* What to do
Take the entries below and print only the lines from the one with "Breezy Garden - Mixed" through the one with "Poznámky k Darwinovi po stránce okkultní", exactly as they stand, both ends included.

* Materials provided
[Start of section]

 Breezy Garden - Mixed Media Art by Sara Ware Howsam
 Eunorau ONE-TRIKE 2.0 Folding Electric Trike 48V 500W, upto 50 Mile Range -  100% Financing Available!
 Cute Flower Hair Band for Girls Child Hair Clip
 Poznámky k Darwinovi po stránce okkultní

[End of section]
[Start of section]

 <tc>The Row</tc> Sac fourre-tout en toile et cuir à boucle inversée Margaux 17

[End of section]

* Solved problem
 Breezy Garden - Mixed Media Art by Sara Ware Howsam
 Eunorau ONE-TRIKE 2.0 Folding Electric Trike 48V 500W, upto 50 Mile Range -  100% Financing Available!
 Cute Flower Hair Band for Girls Child Hair Clip
 Poznámky k Darwinovi po stránce okkultní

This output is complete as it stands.